- WHAT YOU NEED TO DO:
For the material below, return exactly the lines starting at the one holding "Kahverengi Gerçek Deri" and ending at the one holding "Ring binder for", counting both as part of the range.

+++ TASK INPUTS

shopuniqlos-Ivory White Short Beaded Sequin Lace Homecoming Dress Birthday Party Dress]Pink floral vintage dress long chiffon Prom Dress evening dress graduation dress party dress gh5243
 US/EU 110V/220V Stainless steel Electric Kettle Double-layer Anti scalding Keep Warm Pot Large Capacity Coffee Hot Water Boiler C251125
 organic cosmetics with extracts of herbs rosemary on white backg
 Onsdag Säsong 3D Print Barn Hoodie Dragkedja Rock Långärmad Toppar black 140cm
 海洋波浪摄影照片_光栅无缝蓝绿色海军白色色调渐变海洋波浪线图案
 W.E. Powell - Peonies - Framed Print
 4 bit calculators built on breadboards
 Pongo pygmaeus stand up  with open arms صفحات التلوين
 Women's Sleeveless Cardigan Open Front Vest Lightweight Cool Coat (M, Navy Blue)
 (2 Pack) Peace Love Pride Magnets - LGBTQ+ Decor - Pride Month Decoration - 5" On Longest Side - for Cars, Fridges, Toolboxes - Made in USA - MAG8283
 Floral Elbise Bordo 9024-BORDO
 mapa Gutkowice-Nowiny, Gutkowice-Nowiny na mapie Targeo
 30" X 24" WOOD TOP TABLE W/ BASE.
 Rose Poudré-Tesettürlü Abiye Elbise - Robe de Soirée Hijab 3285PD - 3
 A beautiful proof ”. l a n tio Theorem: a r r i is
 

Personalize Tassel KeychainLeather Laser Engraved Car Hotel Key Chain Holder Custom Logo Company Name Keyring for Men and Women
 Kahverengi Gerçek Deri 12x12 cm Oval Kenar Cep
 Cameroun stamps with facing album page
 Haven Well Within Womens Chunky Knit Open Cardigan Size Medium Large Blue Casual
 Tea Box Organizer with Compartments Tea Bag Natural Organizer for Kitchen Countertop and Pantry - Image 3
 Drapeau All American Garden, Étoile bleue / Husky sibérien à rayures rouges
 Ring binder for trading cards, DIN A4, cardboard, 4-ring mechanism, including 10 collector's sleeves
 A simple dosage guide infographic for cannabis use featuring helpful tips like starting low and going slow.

++++++

- SOLUTION:
 Kahverengi Gerçek Deri 12x12 cm Oval Kenar Cep
 Cameroun stamps with facing album page
 Haven Well Within Womens Chunky Knit Open Cardigan Size Medium Large Blue Casual
 Tea Box Organizer with Compartments Tea Bag Natural Organizer for Kitchen Countertop and Pantry - Image 3
 Drapeau All American Garden, Étoile bleue / Husky sibérien à rayures rouges
 Ring binder for trading cards, DIN A4, cardboard, 4-ring mechanism, including 10 collector's sleeves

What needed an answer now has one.